USING btree ("col3");
=> Filled up with 400.000 rows
LOG: duration: 148187.934 ms statement: VACUUM VERBOSE tbl1;
Second table
------------
CREATE TABLE "public"."tbl2" (
"id" BIGSERIAL,
"col1" BIGINT,
"col2" VARCHAR NOT NULL,
"col3" INTEGER NOT NULL,
"col4" BIGINT NOT NULL,
"col5" TIMESTAMP WITHOUT TIME ZONE,
"col6" BOOLEAN NOT NULL,
"col7" BIGINT,
CONSTRAINT "tbl2_pkey" PRIMARY KEY("id")
) WITH OIDS;
CREATE INDEX "idx_tbl2_col7" ON "public"."tbl2"
USING btree ("col7");
CREATE INDEX "idx_tbl2_col1" ON "public"."tbl2"
USING btree ("col1");
=> Filled up with 6.000.000 rows
LOG: duration: 138934.027 ms statement: VACUUM VERBOSE tbl2;
Third table
-----------
CREATE TABLE "public"."tbl3" (
"id" BIGSERIAL,
"col1" BIGINT NOT NULL,
"col2" BIGINT,
"col3" BIGINT NOT NULL,
"col4" VARCHAR,
"col5" VARCHAR,
"col6" INTEGER,
"col7" TIMESTAMP WITHOUT TIME ZONE,
CONSTRAINT "tbl3_pkey" PRIMARY KEY("id")
) WITH OIDS;
CREATE INDEX "idx_tbl3_col2" ON "public"."tbl3"
USING btree ("col2");
CREATE INDEX "idx_tbl3_col3" ON "public"."tbl3"
USING btree ("col3");
CREATE INDEX "idx_tbl3_col1_col3" ON "public"."tbl3"

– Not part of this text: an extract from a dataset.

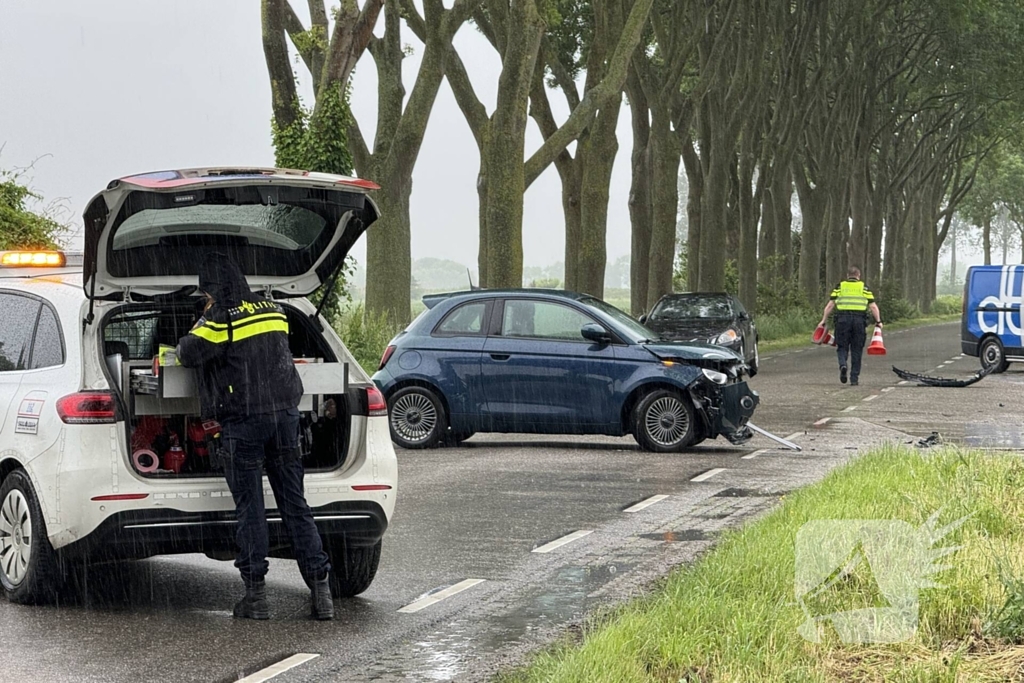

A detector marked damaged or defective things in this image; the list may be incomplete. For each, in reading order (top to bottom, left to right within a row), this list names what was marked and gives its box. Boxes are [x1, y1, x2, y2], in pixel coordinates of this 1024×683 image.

detached bumper piece [892, 362, 995, 389]
damaged front bumper [688, 378, 761, 444]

USING btree ("col1", "col3");
=> Filled up with 100.000.000
Vacuum could not be performed - took longer then 24h and was aborted
then by me manually.
Postgresql.conf
---------------
listen_addresses = '*'
shared_buffers = 32768
maintenance_work_mem = 1048576
max_stack_depth = 81920
max_fsm_pages = 30000000
max_fsm_relations = 1000
vacuum_cost_delay = 0
bgwriter_percent = 0
bgwriter_maxpages = 0
fsync = false
enable_hashagg = true
enable_hashjoin = true
enable_indexscan = true
enable_mergejoin = true
enable_nestloop = true
enable_seqscan = true
enable_sort = true
enable_tidscan = true
cpu_tuple_cost = 0.01
cpu_index_tuple_cost = 0.001
cpu_operator_cost = 0.0025
effective_cache_size = 102400
geqo = false
default_statistics_target = 1
from_collapse_limit = 8
join_collapse_limit = 8
log_destination = 'stderr'
redirect_stderr = true
log_directory = 'pg_log'
log_filename = 'postgresql-%Y-%m-%d_%H%M%S.log'
log_truncate_on_rotation = false
log_rotation_age = 1440
client_min_messages = log
log_min_messages = log
log_error_verbosity = default
log_min_duration_statement = 1
log_connections = false
log_disconnections = false
log_line_prefix = ''
stats_start_collector = true
stats_command_string = true
stats_block_level = true
stats_row_level = true
Problem
-------
In my opinion the VACUUM of the third table takes too long time. The
table is less complex then the other ones - so going on from the badest
case that every entry needs as long as for the most complex table (tbl1)
then I end up with this calculation:
148 seconds for 400.000 rows
= 2702 rows per second
100.000.000 rows = 37.009 seconds (=616 minutes, =10 hours)
But the VACUUM of the tbl3 needs more then 24h for beeing VACUUMed even
without changes.
Hardware + Software configuration
---------------------------------
SCSI RAID5 with usable space of 120GB
2 x Intel(R) Xeon(TM) CPU 3.20GHz
RAM: 4148840 kB (4GB)
Kernel: 2.6.12.2
PGDATA is running on a separate partition
There are running no other things on this server.
Question
--------
The duration of the VACUUM of tbl1 and tbl2 is okay - so how to speed up
now the VACUUM of tbl3?
--- Regards, Aldor